=== Section Start ===
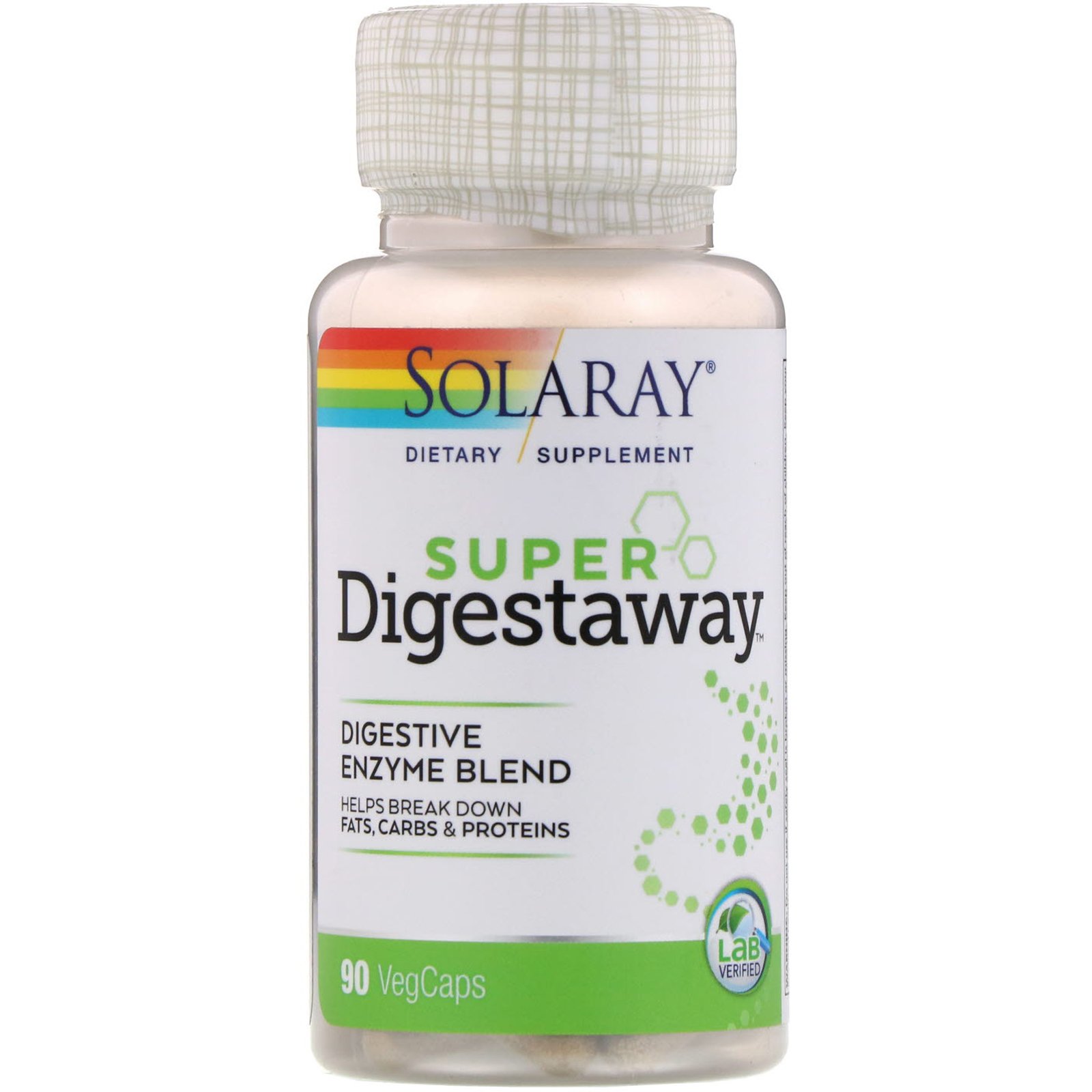 Comprar Solaray, Super Digestaway, Mistura de Enzimas Digestivas, 90 Cápsulas Vegetais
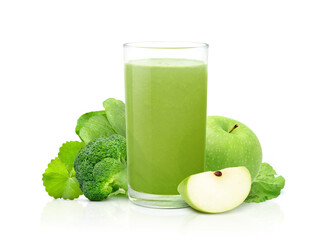 Fresh green vegetable juice isolated on white background.
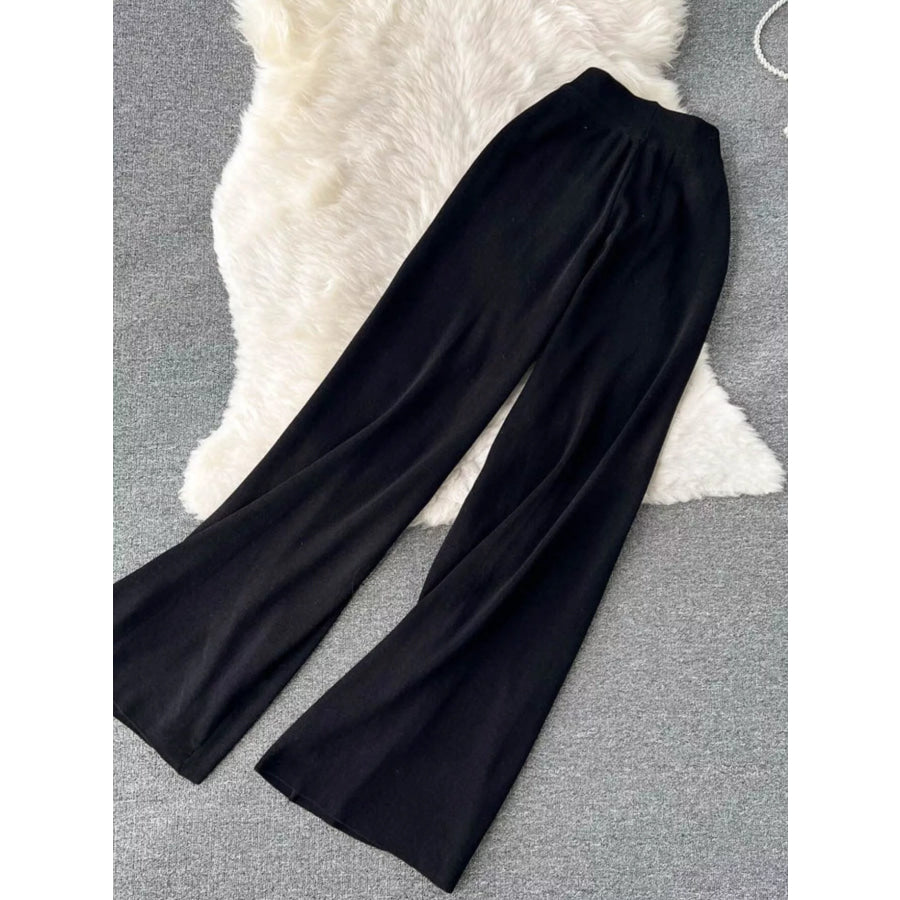 Short Sleeve Top and Wide Leg Pants Set Apparel and Accessories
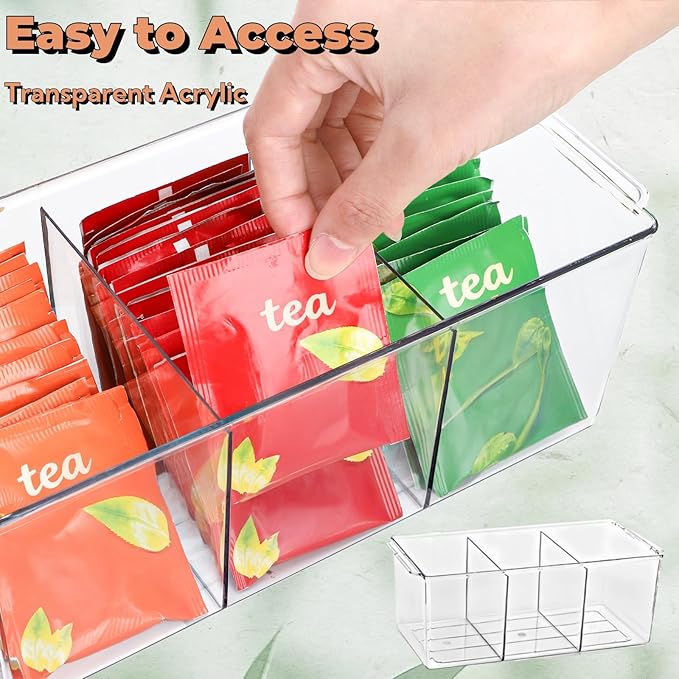 Tlence 4 Tier Bamboo Tea Bag Organizer, Vertical Wooden Tea Storage Box with Acrylic Drawer, Tea Storage Holder and Tea Station for Countertop Kitchen Office, 15.5" x 11" x 5.3"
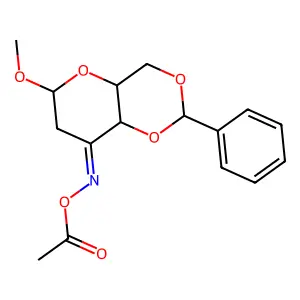 D-Erythro-hexopyranosid-3-ulose,methyl 4,6-O-benzylidene-2-deoxy-,o-acetyloxime,a-(8ci) structure
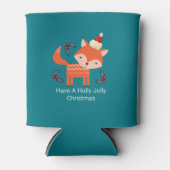 オレンジキツネインサンタハットかわいいお洒落クリスマス 缶クーラー (正面)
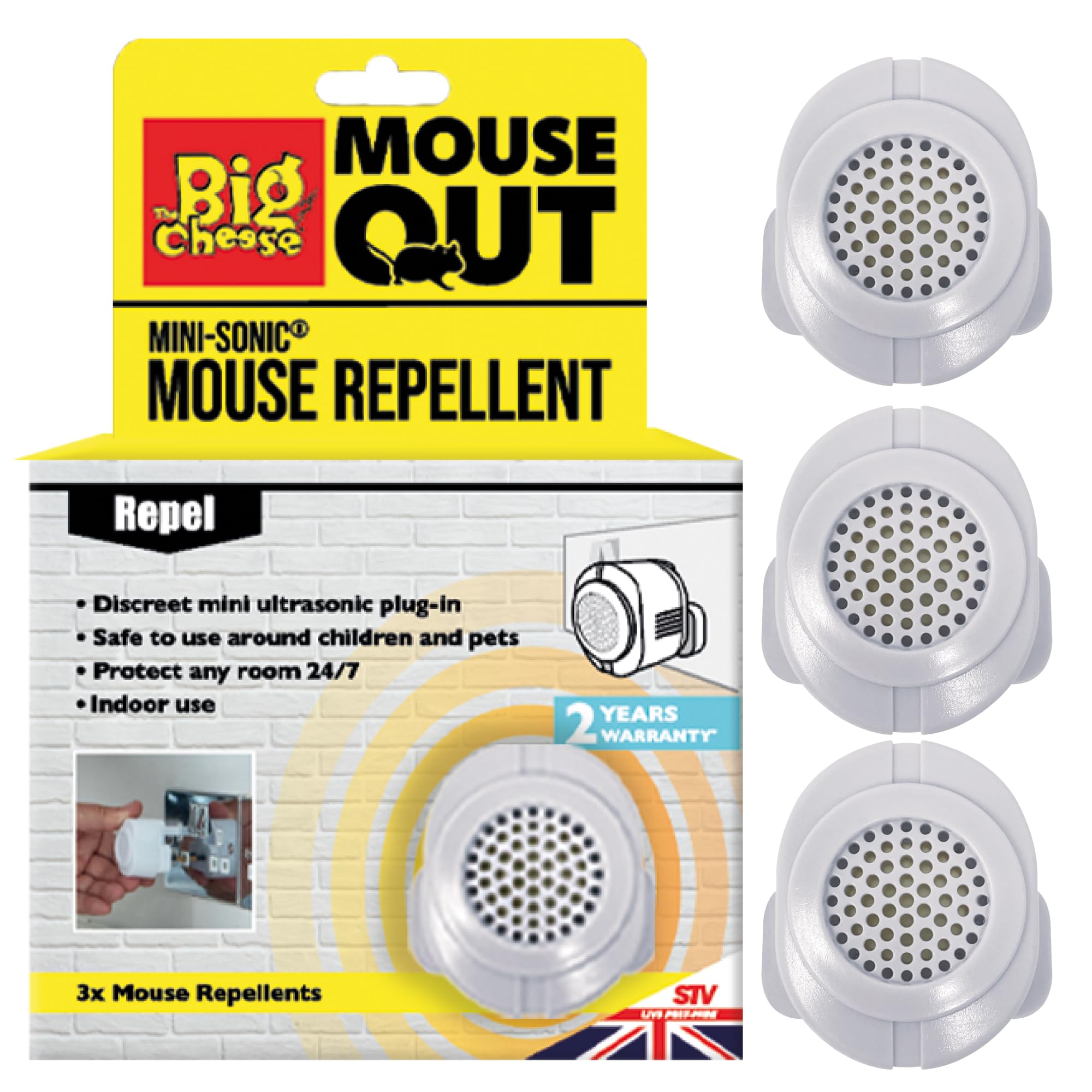 The Big Cheese Mini Sonic Mouse Repeller 3 Pack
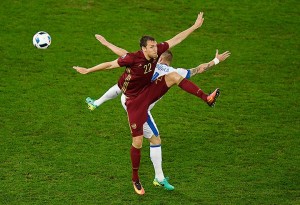 Create meme: football, sport, Dzyuba player of team Russia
=== Section End ===
Please output every record above exactly. Leave the pictures out.

> _RESPONSE TO THIS TASK_:
 Comprar Solaray, Super Digestaway, Mistura de Enzimas Digestivas, 90 Cápsulas Vegetais
 Fresh green vegetable juice isolated on white background.
 Short Sleeve Top and Wide Leg Pants Set Apparel and Accessories
 Tlence 4 Tier Bamboo Tea Bag Organizer, Vertical Wooden Tea Storage Box with Acrylic Drawer, Tea Storage Holder and Tea Station for Countertop Kitchen Office, 15.5" x 11" x 5.3"
 D-Erythro-hexopyranosid-3-ulose,methyl 4,6-O-benzylidene-2-deoxy-,o-acetyloxime,a-(8ci) structure
 オレンジキツネインサンタハットかわいいお洒落クリスマス 缶クーラー (正面)
 The Big Cheese Mini Sonic Mouse Repeller 3 Pack
 Create meme: football, sport, Dzyuba player of team Russia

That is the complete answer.